The technique involves quantitative Morse theory on loop spaces. We will discuss some related results in geometry of loop spaces on Riemannian manifolds.

October 26, 2020:

A multitude of knot invariants, including quantum invariants and their categorifications, have been introduced to aid with characterizing and classifying knots and their topological properties. Relations between knot invariants and their relative strengths at distinguishing knots are still mostly elusive. We use Principal Component Analysis (PCA), Ball Mapper, and machine learning to examine the structure of data consisting of various polynomial knot invariants and the relations between them. Although of different origins, these methods confirm and illuminate similar substructures in knot data. These approaches also enable comparison between numerical invariants of knots such as the signature and s-invariant via their distribution within the Alexander and Jones polynomial data. Although this work focuses on knot theory the ideas presented can be applied to other areas of pure mathematics and possibly in data science. The hybrid approach introduced here can be useful for infinite data sets where representative sampling is impossible or impractical.

November 9, 2020:
Alex Nabutovsky (Toronto)

We will discuss the isoperimetric inequality for Hausdorff content and compact metric spaces in (possibly infinite-dimensional) Banach spaces. We will also discuss some of its implications for systolic geometry, in particular, systolic inequalities of a new type that are true for much wider classes of non-simply connected Riemannian manifolds than Gromov’s classical systolic inequality.
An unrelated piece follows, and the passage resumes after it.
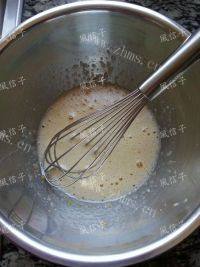 健康美食之棒棒糖蛋糕做法图解3)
Joint work with Y. Liokumovich, B. Lishak, and R. Rotman.

November 23, 2020:
Dima Burago (Penn State)

This is not quite a research talk. This is a collection of problems (in random order). Some of them arose from my research (often with collaborators), some are known or folklore known, and there is some progress in our work. The problems are followed by comments which often contain announcements of recent results of mine (with co-authors) and brief discussions. At many places, I may be rather vague and also omit known definitions and discussions of known results.